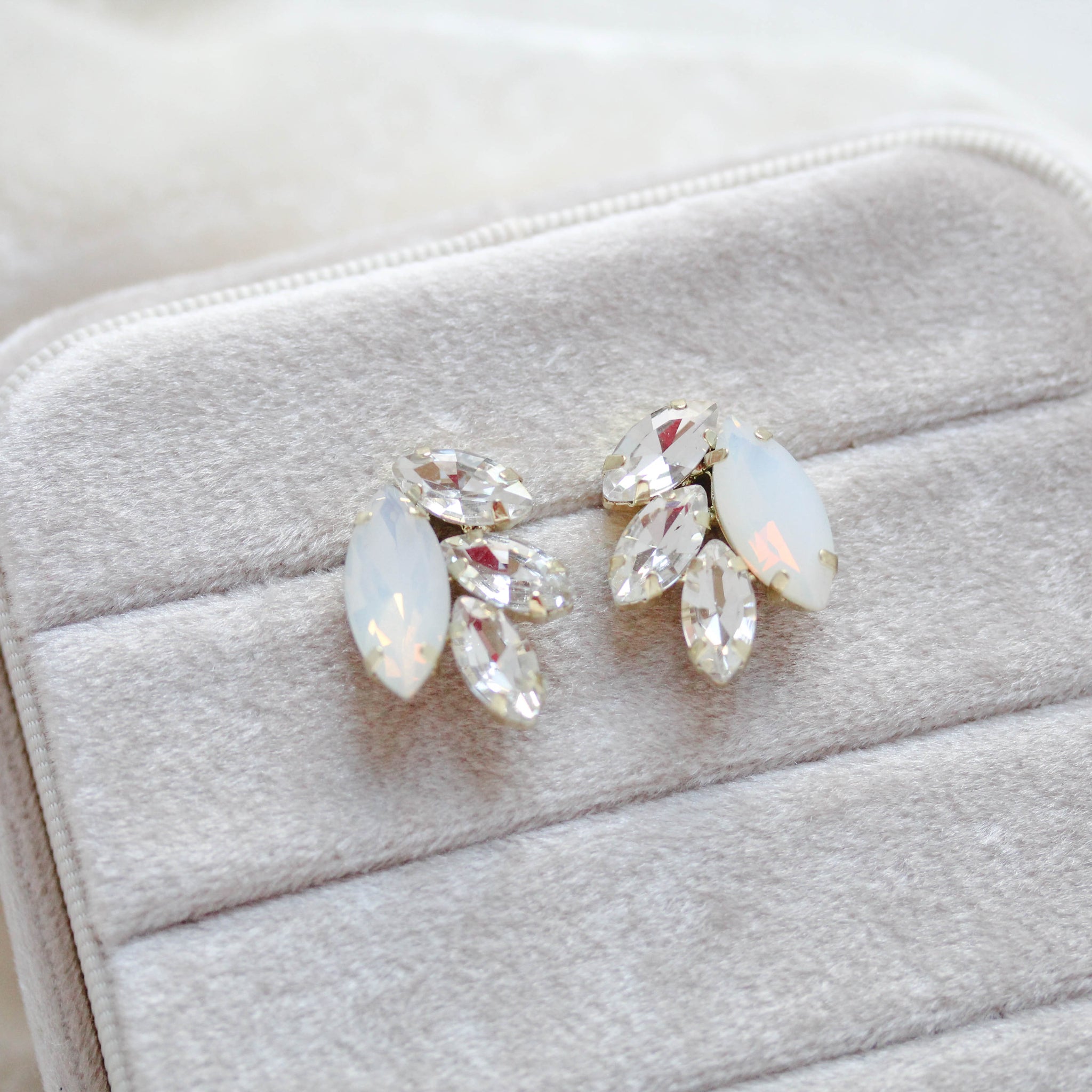Rose gold bridal stud earrings - BRIDGETTE - Treasures by Agnes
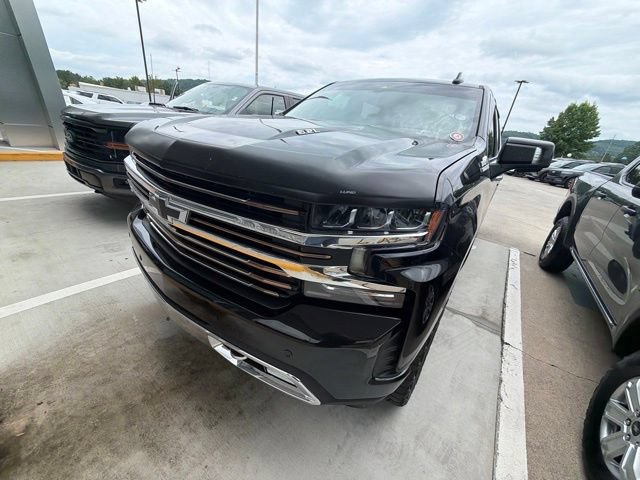 Used 2020 Chevrolet Silverado 1500 High Country w/ Technology Package AWD/4WD video 3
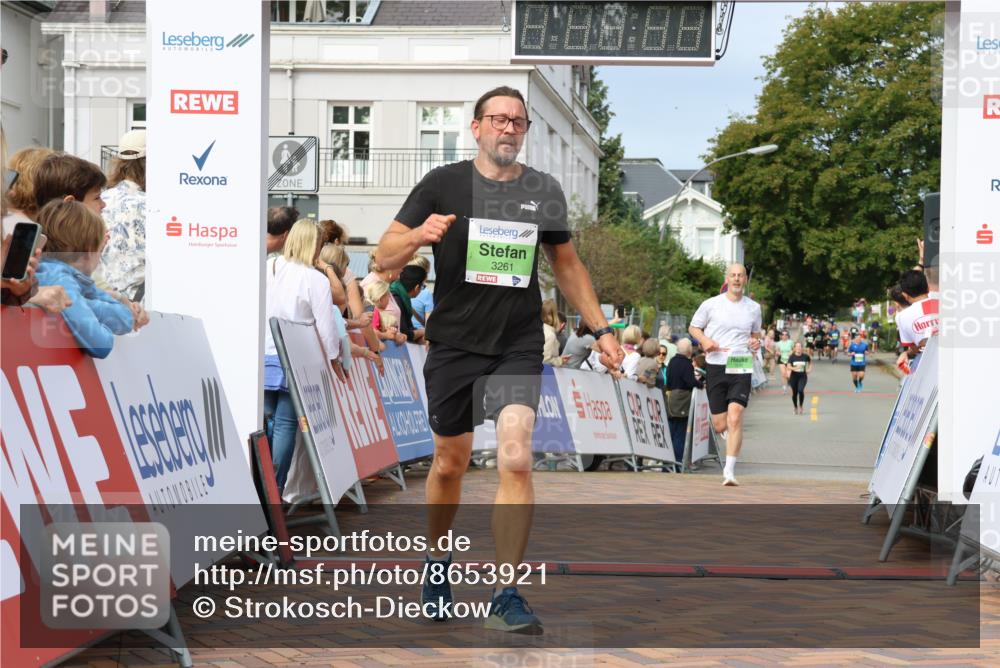 31.08.2025 - 21. Blankeneser Heldenlauf Strokosch-Dieckow http://msf.ph/oto/8653921 31.08.2025 11:06:47 Ziel 3423, 3173, 3261, 3246 meine-sportfotos.de
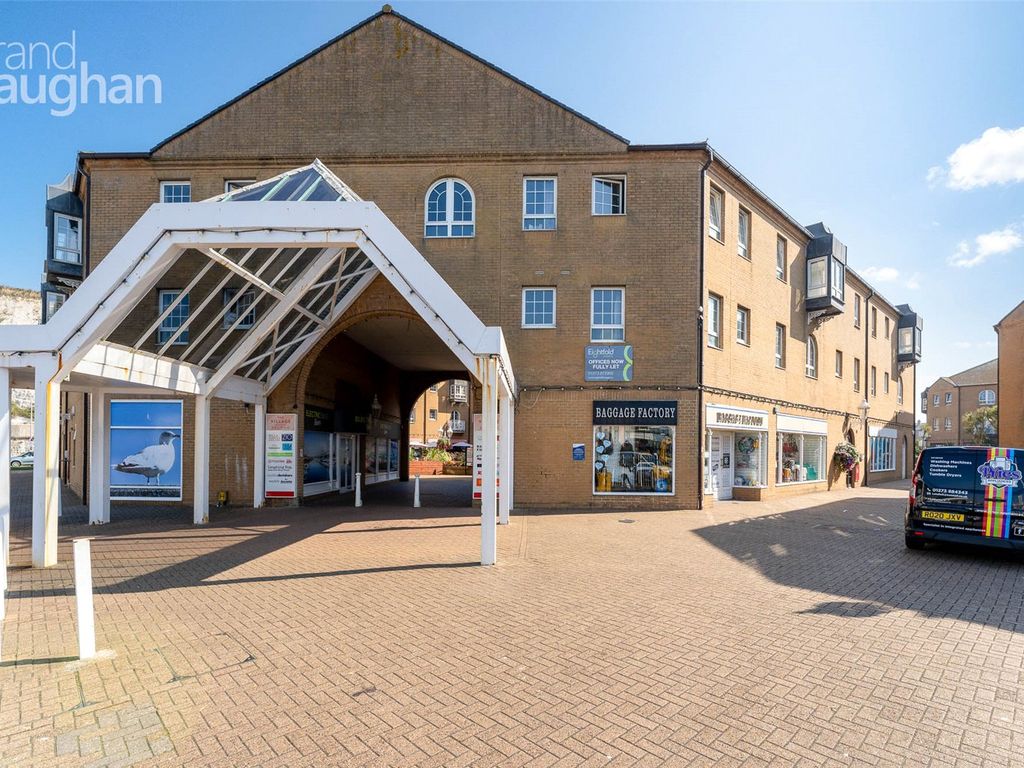 2 bed flat to rent in Brighton Marina Village, Brighton, East Sussex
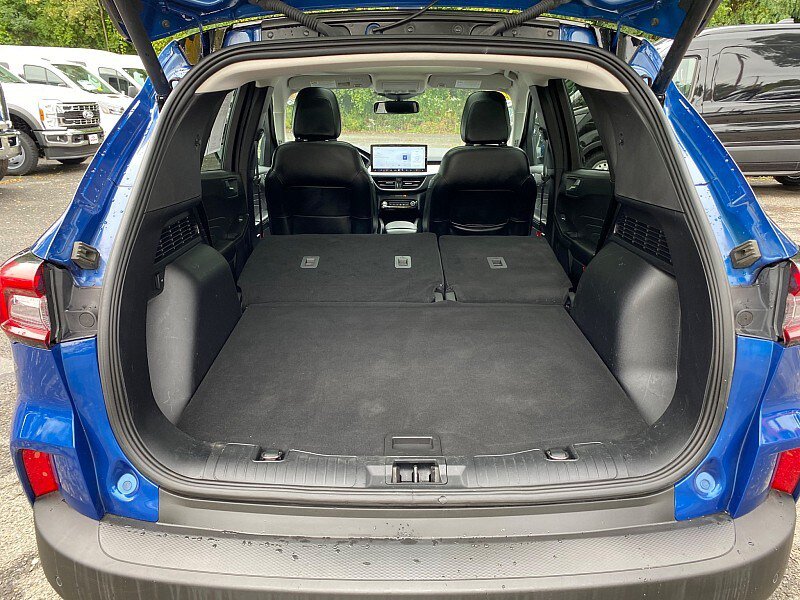 Used 2023 Ford Escape Platinum w/ Class II Trailer Tow Package AWD/4WD image 42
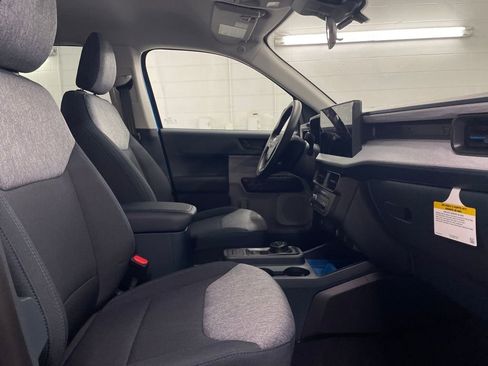 New 2025 Ford Maverick XLT image 27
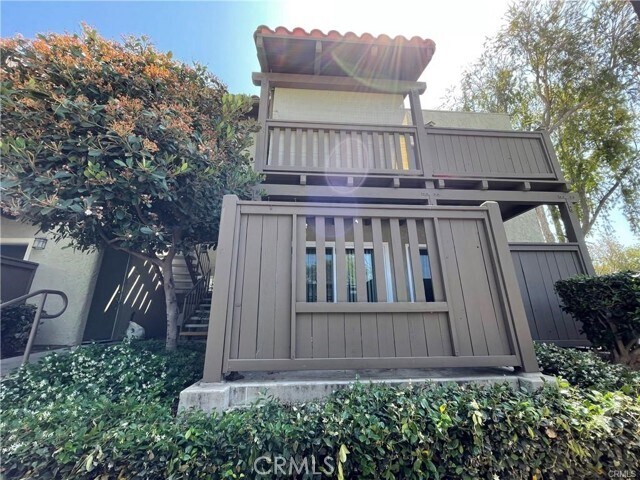 Photo - 1345 Cabrillo Park Dr Unidad M15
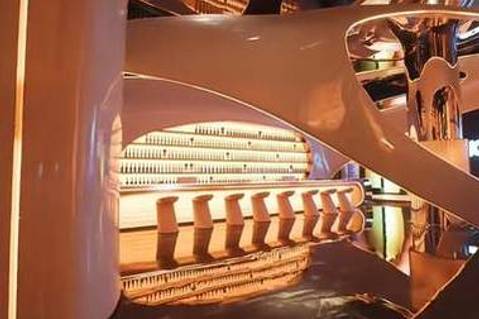 烟台夜总会招聘礼仪,投身朝阳行业,拥抱灿烂美好明天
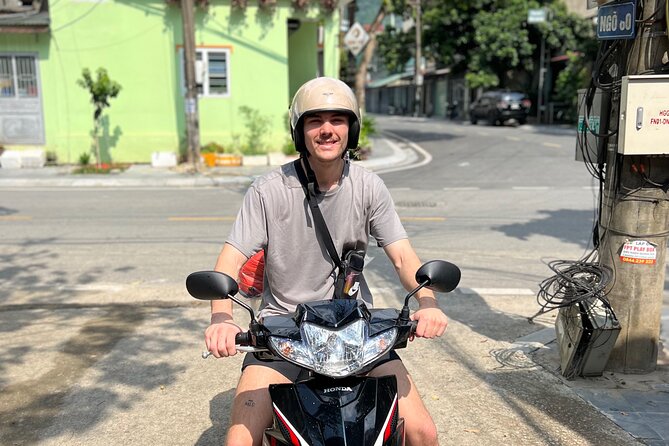 3D2N LOOP TOUR BY MOTORBIKES (self-driving - IDP needed) - The guide team and the size of the group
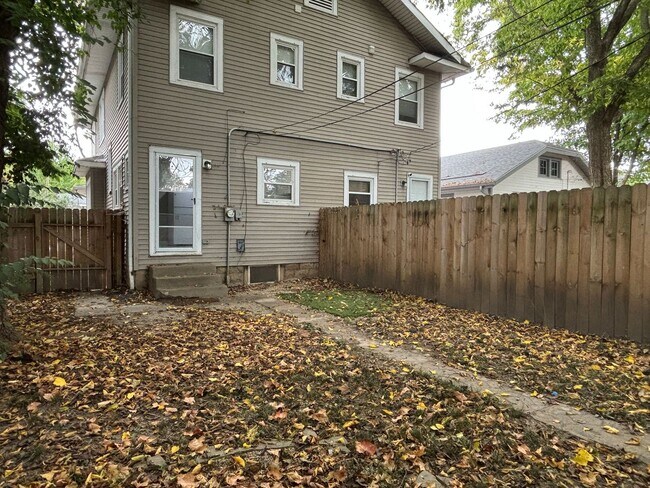 Photo - 3-Bed, 1-Bath Home – Fenced Yard, Off-Street Parking, Spacious Kitchen & In-Unit Laundry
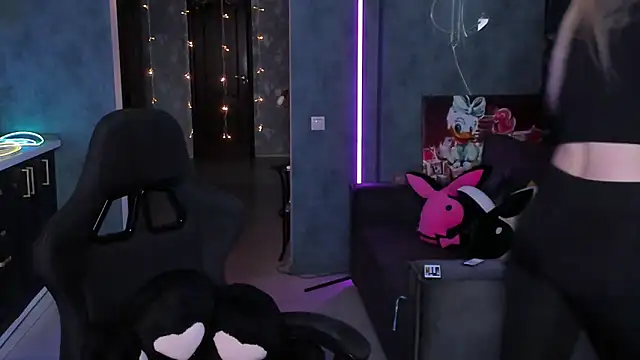 Blckmirrorr Adlı Modelin Canlı XXX Sohbeti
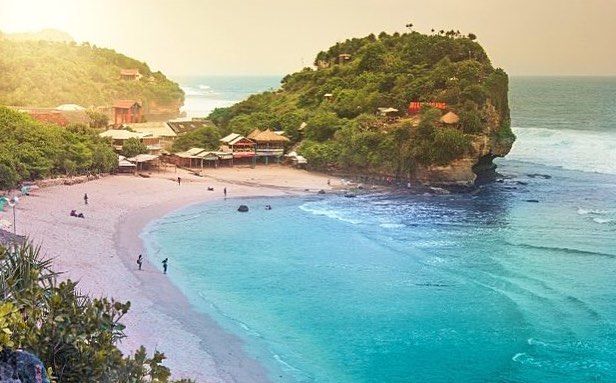 Pantai Indrayanti Wisata Terbaru 2024, Surga Yang Tersembunyi Di Jogja Wajib Dikunjungi untuk Libur Lebaran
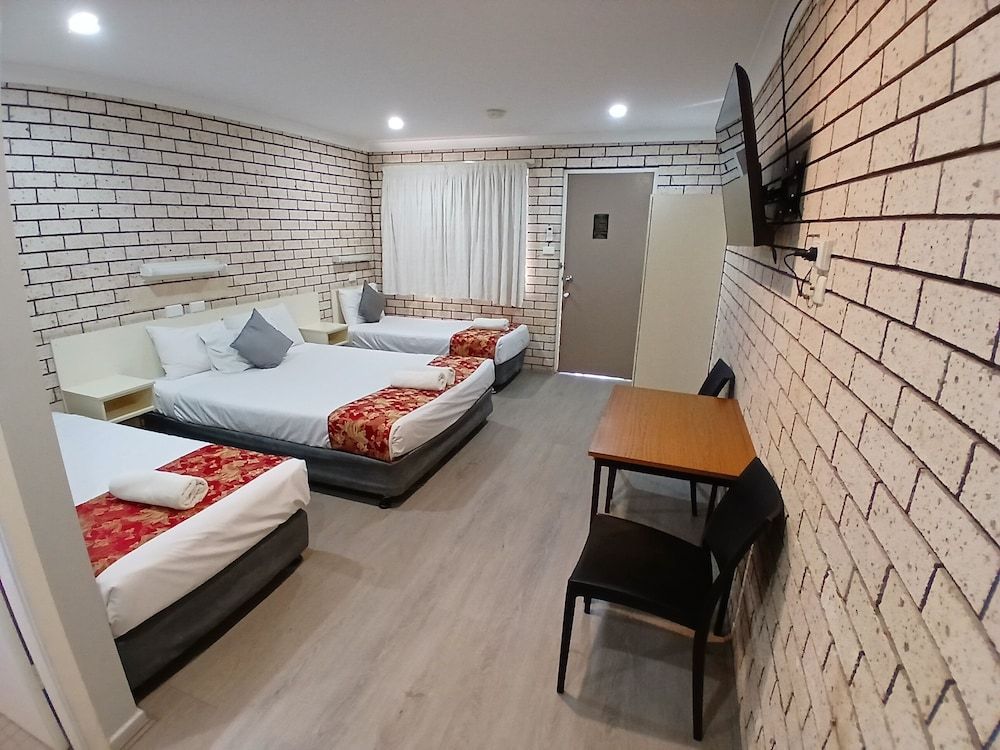 Alfa Motel Family Room (Room 1) 2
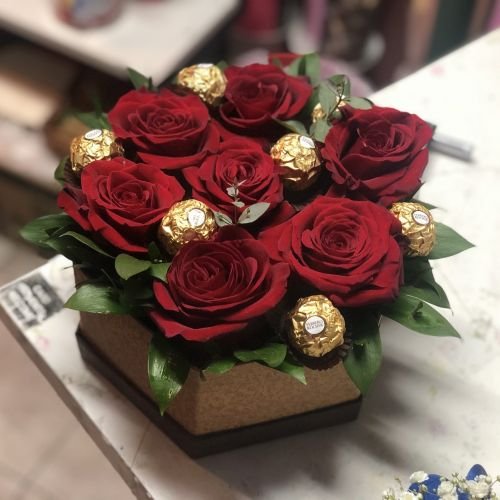 Ferrero kuglice okružene Ekvador Ružama + Poklon čestitka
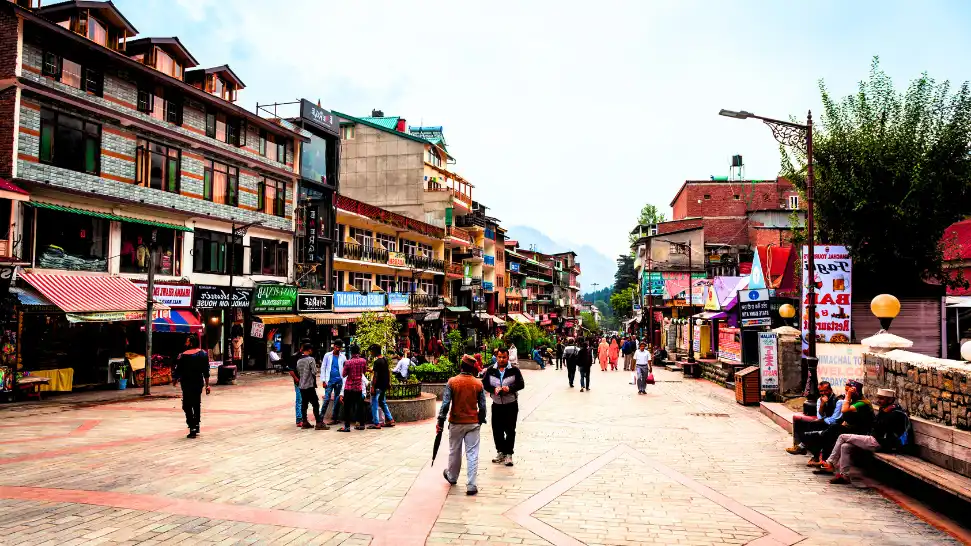 Mall Road is One of The Best Places to Visit April in Manali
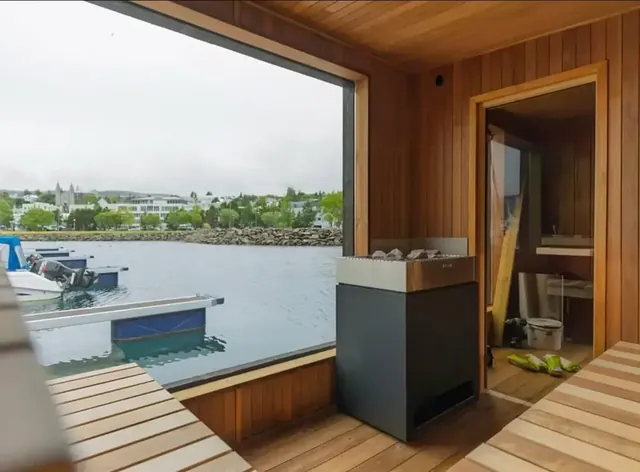 MeiSauna Floating Saunas - Image 2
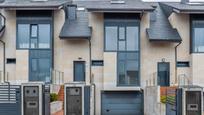 Exterior view of Single-family semi-detached for sale in Culleredo  with Heating, Private garden and Terrace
- - - - - - -
Work required
For this task, return exactly the stretch of the listing above from the line with "3D2N LOOP TOUR" through the line with "MeiSauna Floating Saunas - Image 2", inclusive and without pictures.

Answer section
 3D2N LOOP TOUR BY MOTORBIKES (self-driving - IDP needed) - The guide team and the size of the group
 Photo - 3-Bed, 1-Bath Home – Fenced Yard, Off-Street Parking, Spacious Kitchen & In-Unit Laundry
 Blckmirrorr Adlı Modelin Canlı XXX Sohbeti
 Pantai Indrayanti Wisata Terbaru 2024, Surga Yang Tersembunyi Di Jogja Wajib Dikunjungi untuk Libur Lebaran
 Alfa Motel Family Room (Room 1) 2
 Ferrero kuglice okružene Ekvador Ružama + Poklon čestitka
 Mall Road is One of The Best Places to Visit April in Manali
 MeiSauna Floating Saunas - Image 2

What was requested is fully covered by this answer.